Por: Fernando Rodríguez
La soberbia es uno de los pecados capitales, dice la teología cristiana, es decir, aquellos que generan infinidad de actitudes y acciones pecaminosas. Los caudillos revolucionarios, en realidad todos los déspotas, tienen que ser soberbios, considerarse y proceder como si fuesen superiores a los demás. Afirmación que es casi un pleonasmo. El culto a la personalidad le da forma a tan despectivo trato con el resto de la especie. Franco, caudillo por la gracia de Dios; Trujillo vivía en Ciudad Trujillo; Hitler era Alemania, y todos somos Chávez y un inacabable etcétera
Pero queremos precisar aquí que si la soberbia del caudillo tiene que unificar todos los poderes nacionales en uno solo, el suyo, tiene otra tarea esencial, como es la de mantener a raya, fuera de juego, a los actores externos que pretendan inmiscuirse en su reino egolátrico, que él llama patria o paradójicamente soberanía. Tanto más en un mundo globalizado en que las instituciones internacionales, desde la ONU hasta las innumerables ONG y los medios mundializados y las redes oceánicas, cada vez más y para bien de la humanidad, limitan el abuso y la crueldad contra los hombres, y hasta contra los elefantes estoicos o los teatrales delfines, los convierten en un problema universal.
Chávez llevó una política internacional nada despreciable en sus alcances. También bastante bizarra: violando protocolos seculares, insultando a diestra y siniestra (Bush y el azufre en la mismísima ONU) y practicando la gorilofilia, haciendo amistad con cualquier tiranuelo que se le acercase, por esquizoide que fuese, verbigracia Gadafi con sus deslumbrantes e inagotables disfraces.

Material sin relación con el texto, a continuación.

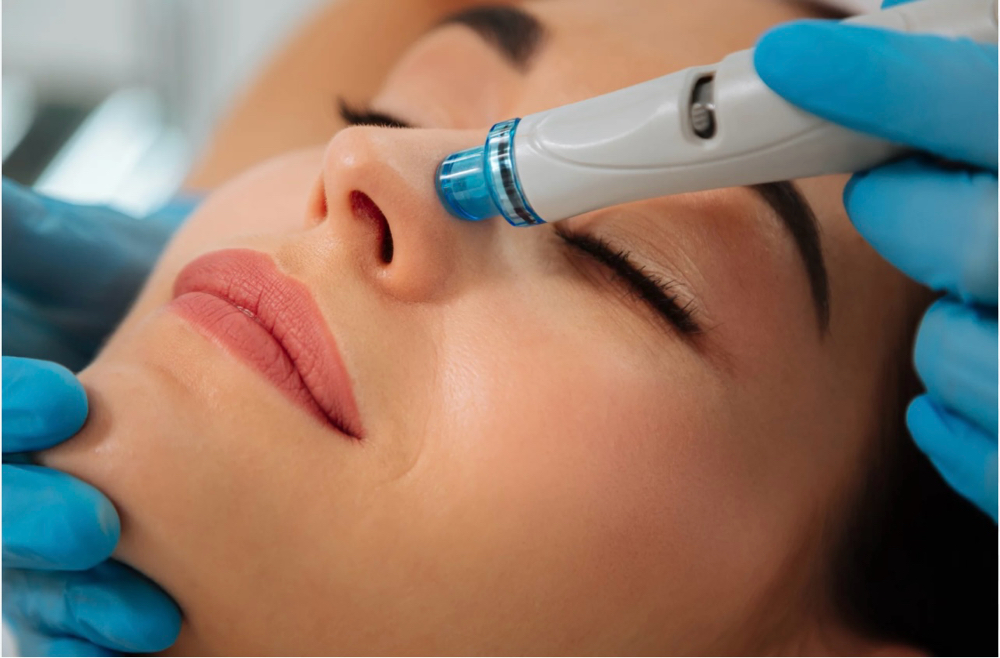 Hydrodermabrasion Facial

Y, este es el punto, no quiso que se le metieran en casa esos multiformes factores internacionales, capaces de aguarle la fiesta. Pienso yo, supongo, que esta sí fue una lección de Fidel, que la había practicado durante décadas: ni agua para esas máscaras de la reacción mundial, plomo. Y así lo hizo el discípulo después de que salió del golpe de abril, de la mesa de Gaviria y el revocatorio, del sofoco. No dejó nunca que ninguna comisión viniera a auscultarnos y hasta se atrevió a salirse de la Comisión Interamericana de Derechos Humanos. Y no hubo opinión externa en algo divergente que no recibiera bestiales respuestas o represalias diplomáticas. Y acabó, por supuesto, con los “injerencistas” observadores electorales. Mientras se permitía meterse en cualquier lado: con las FARC, con los maletines electorales, con el circo de Zelaya…
Ahora Maduro ha recogido esa línea de acción, mandando al diablo la oferta de la OEA para observar, en serio, las elecciones parlamentarias, muy conflictivas dada la desastrosa y crucial situación del país y la inclemente polarización política. A lo que sumamos nosotros la alocada agresividad gubernamental, producto de su desesperación ante el desafecto popular, que ya no solo quiere sembrar terror en el país, sino incluso involucrar a los vecinos en su mercenaria estrategia electoral.
Lo que pareciera ignorar el gobierno es que Venezuela y el mundo son otros que el de las vacas de ayer. Que son una minoría culpable de la destrucción del país. Que hay ya demasiados mensajes de alerta y de reproche de un mundo asombrado de nuestra insania y desolación. Que en La Habana flambea la bandera gringa. Que estamos dando un espectáculo dantesco atropellando a colombianos indefensos. Que los descuartizadores no dan votos. Que Maduro no tiene chequera, ni amigotes fieles, ni es un buen showman y, por tanto, su soberbia es demasiado necia. Que damos lástima y generamos angustia a los hombres de buena voluntad.
En fin, que si no alcanzamos a hacer las venideras elecciones, además decentes y creíbles, dignas de ser observadas, estamos al borde de una conflagración histórica de incalculables proporciones.